Henrique Moura, imec University of Antwerp
Phil Reiter, imec University of Antwerp
Phil Reiter, Senior Researcher, imec University of Antwerp
Wildfires are destructive natural disasters that severely impact ecosystems, wildlife, and air quality. They emit large quantities of greenhouse gases, thus accelerating climate change. In the U.S., wildfires have become more frequent and severe, costing billions in property damage, infrastructure losses, and firefighting expenses. In 2022, 7.2 million acres caught fire costing around 2.5 billion dollars for Federal Firefighting, i.e., direct firefighting costs. These costs exceeded $89 billion in lost economic output for the U.S., in 2024 alone, and will cost more than 466, 000 jobs. Europe also faces rising wildfire threats due to hotter, drier summers, with an estimated 30,000 wildfires yearly, in particular in southern regions like Greece, Portugal, Spain, and Italy. Early detection of wildfires can mitigate the environmental, economic, and health impacts.

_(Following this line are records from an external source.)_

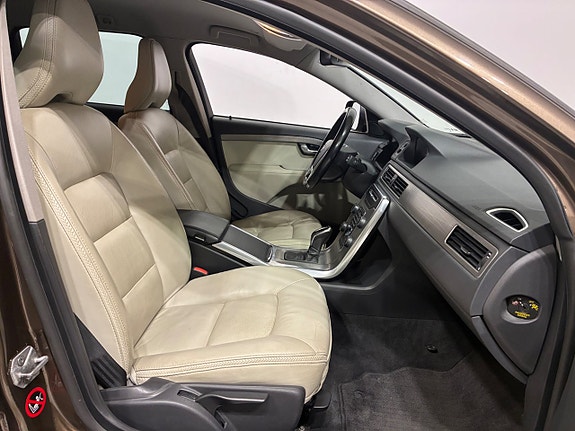 Volvo XC70 5 of 5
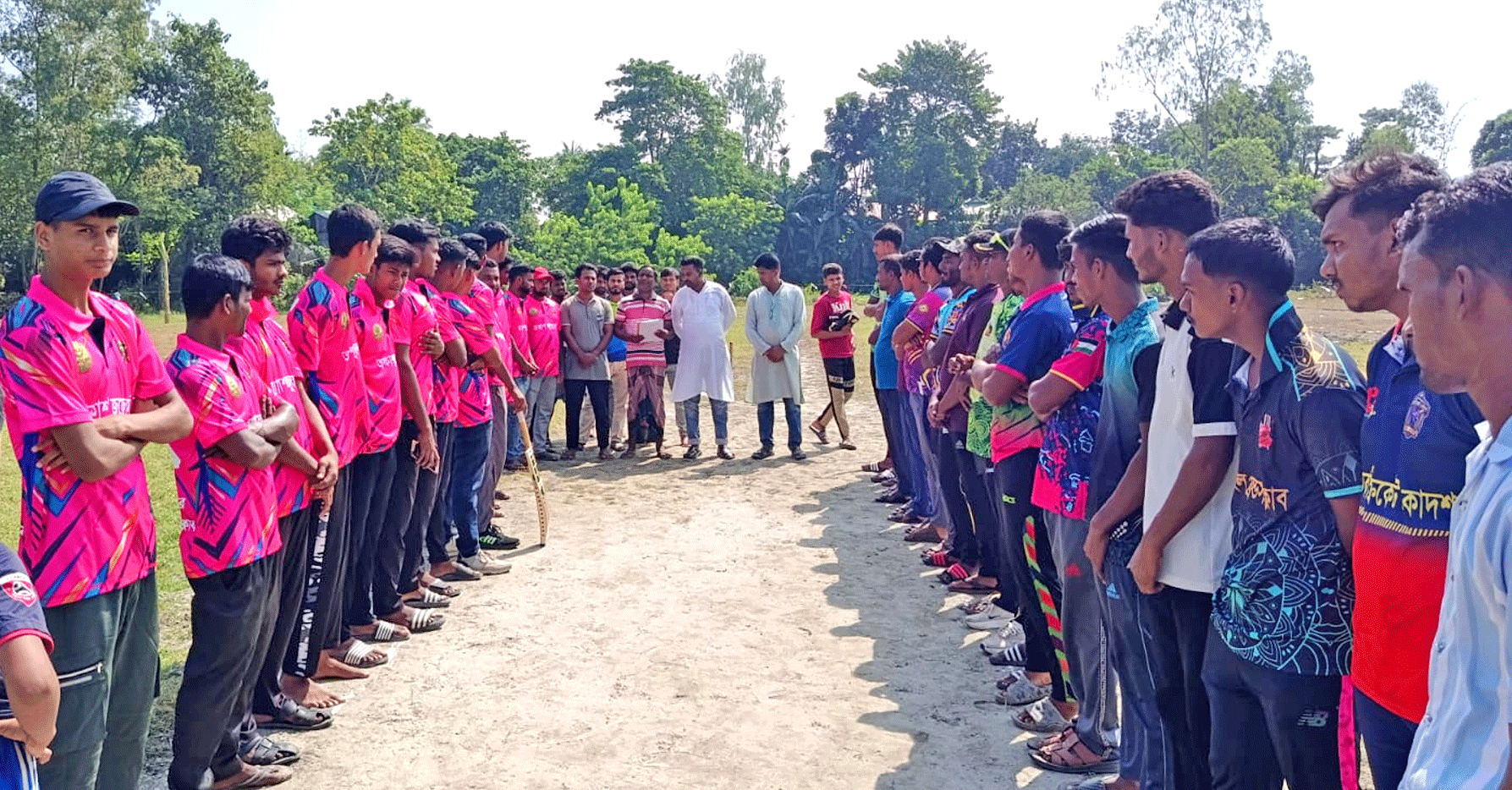 রৌমারীতে ক্রিকেট টুর্নামেন্টের ফাইনালে চ্যাম্পিয়ন পূর্ব কাউয়ার চর একতা স্পোর্টিং ক্লাব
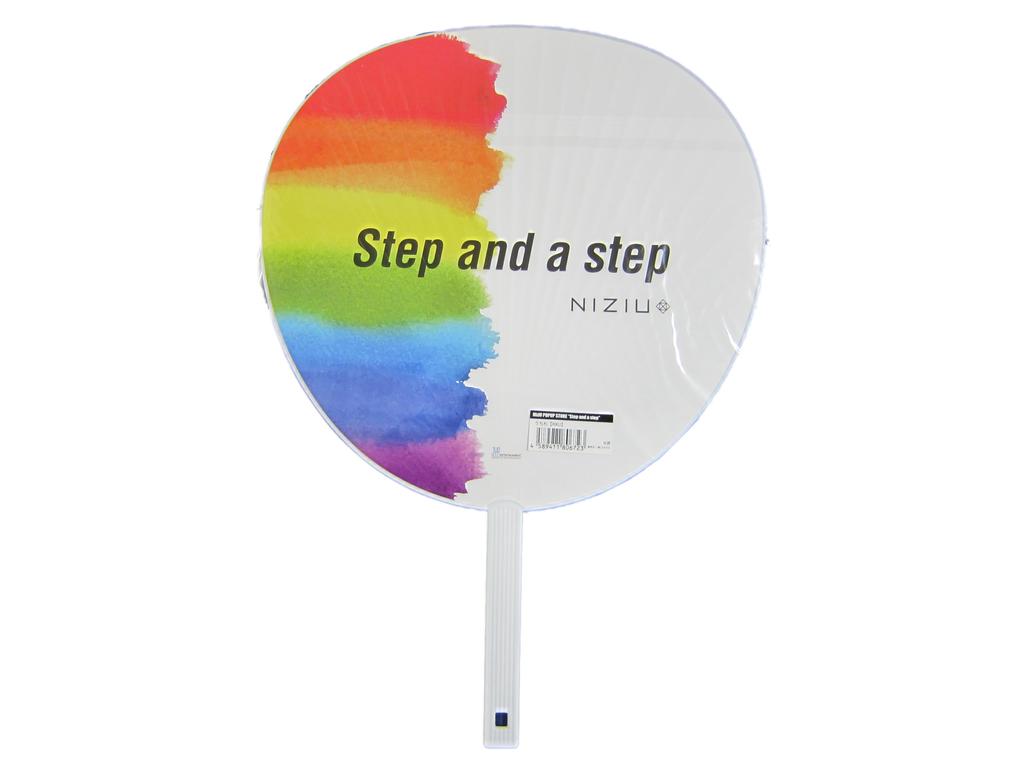 NiziU NiziU POPUP STORE and a fan “Step step” [RIKU]
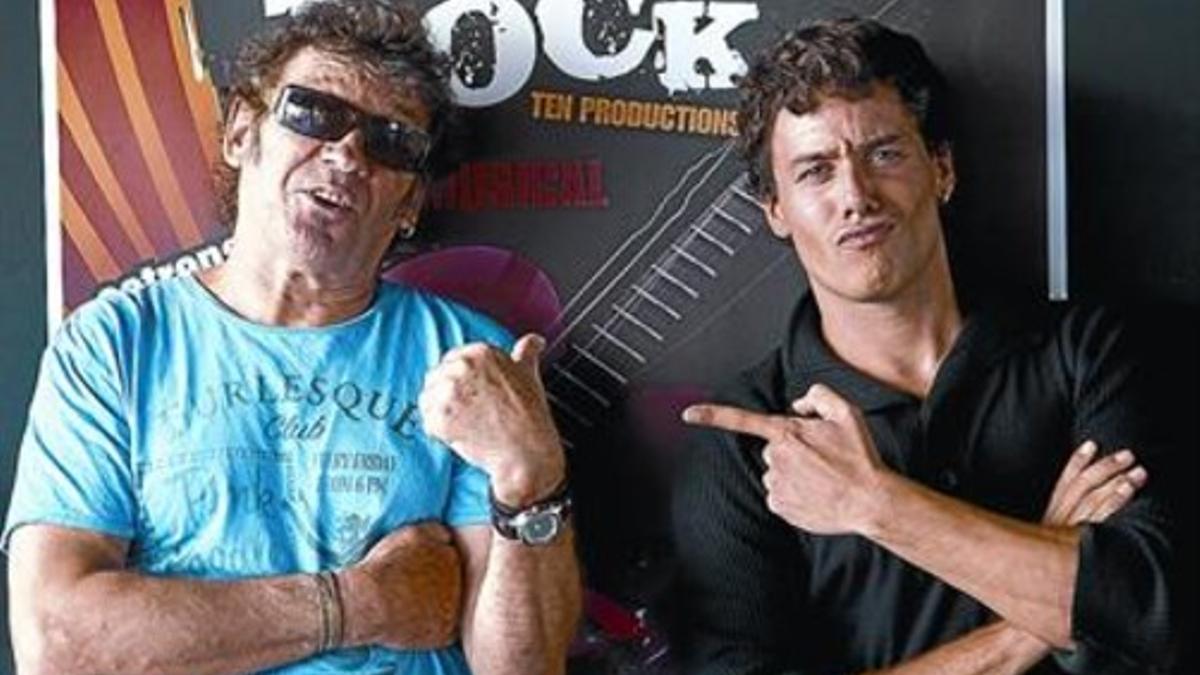 Llorenç Santamaria (izquierda) y Roger Berruezo, padre e hijo en 'Cop de Rock', posan frente al cartel del musical.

Satellites play a crucial role in quick detection, providing broader, continuous monitoring compared to traditional methods like ground-based sensors and aerial patrols, which are labor-intensive and limited in range. Satellite systems, including NASA’s MODIS and ESA’s Sentinel-2, detect fires through visible and infrared light, allowing observation of fire hotspots even through thick smoke. These systems can operate continuously across day and night, and cover vast areas, enabling authorities to manage evacuation and health advisories promptly. Deep learning in computer vision has revolutionized object detection and image segmentation, enabling precise partitioning of images into meaningful regions or objects with superhuman capabilities. These models excel at learning complex patterns and features from images, even in challenging scenarios like occlusions or varying lighting conditions. Their ability to generalize across diverse domains makes them a cornerstone of modern computer vision systems. Thus, we argue that satellite-based deep-learning models can provide an advanced tool for wildfire detection. These models can even run onboard the satellites, identifying thermal anomalies in large-scale images. However, the success of these models is challenged by the imbalanced nature of satellite data – where fire spots cover a small fraction of an image relative to the background – making training a model a hard process. The imbalance creates difficulties in accurately detecting wildfires, with models often misclassifying or missing fire pixels.

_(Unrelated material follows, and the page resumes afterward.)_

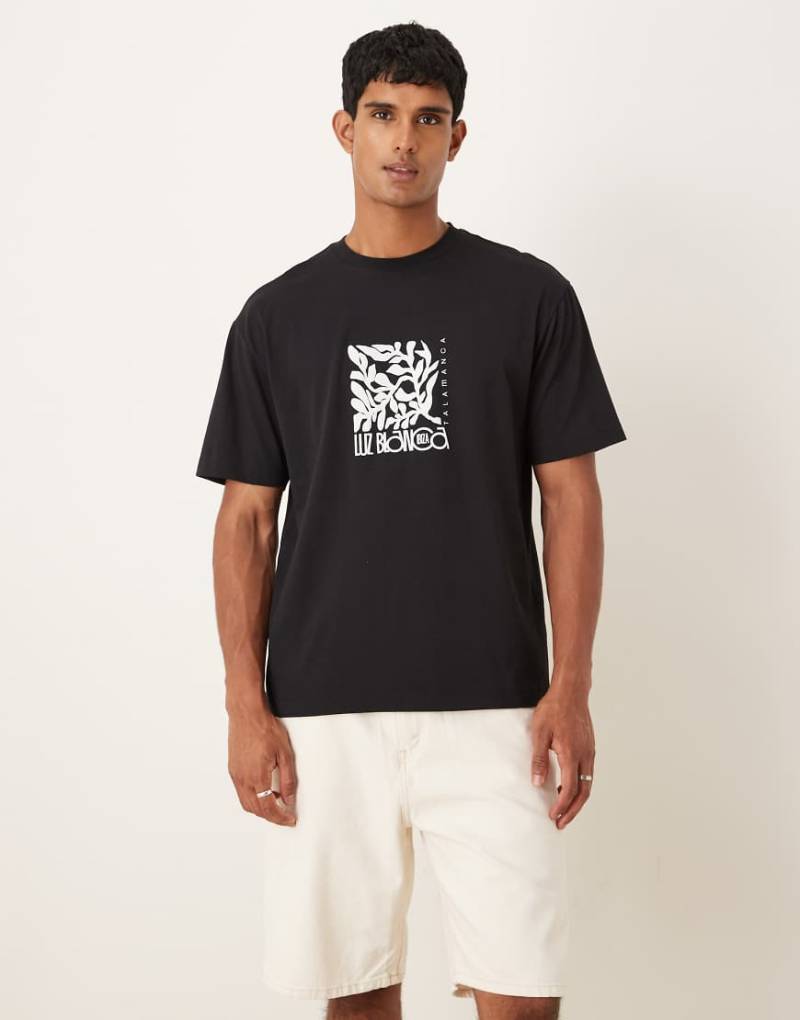 ASOS DESIGN - Relaxed-Fit-T-Shirt in Schwarz mit Blumenprint auf der Brust von ASOS DESIGN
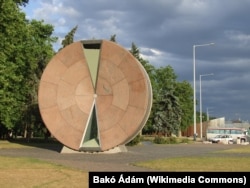 Az Időkerék a budapesti Ötvenhatosok terén 2007. május 30-án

To address this, we propose balancing datasets using data-level techniques (e.g., resampling) and algorithm-level techniques (e.g., adjusting the loss function, performing class weight adjustment, or adding attention blocks to the neural network). We experimented with random oversampling methods, i.e., increasing the representation of minority classes by duplicating existing instances. But also use class weight adjustment to make the model more sensitive to underrepresented classes (fire-affected pixels). In this paper, we show that data augmentation is important for training a deep learning model, and with data imbalance using oversampling also helps obtain better results. We also tested the importance of the frequency bands used to train the model. Our results show that IR bands must be considered for fire detection from satellite images since they have greater thermal sensitivity and can propagate through smoke. Loss function optimization is critical for improving model accuracy on imbalanced datasets, allowing control over the trade-offs between false positives and negatives. Also, attention mechanisms can be crucial as they focus on learning the most relevant features, allowing models to prioritize minority class instances without requiring significant data augmentation or resampling. The proposed approach includes a workflow pipeline for wildfire detection that adjusts for dataset imbalances and uses specialized loss functions and attention modules, enhancing detection reliability in satellite imagery. We experimented with different attention blocks and loss functions. Our results show that using an attention block and an appropriate loss function helps improve the model’s convergence time and the final performance in terms of the final F1 score while keeping the precision and recall of the model balanced. Our best model obtains an F1 score of 0.9786 on the test set, while the accuracy reached 0.999999 on a dataset with less than 0.5% positive cases. The combination of techniques used in the paper holds promise for advancing wildfire monitoring, enabling authorities to act swiftly in reducing wildfire impacts and protecting at-risk regions and populations.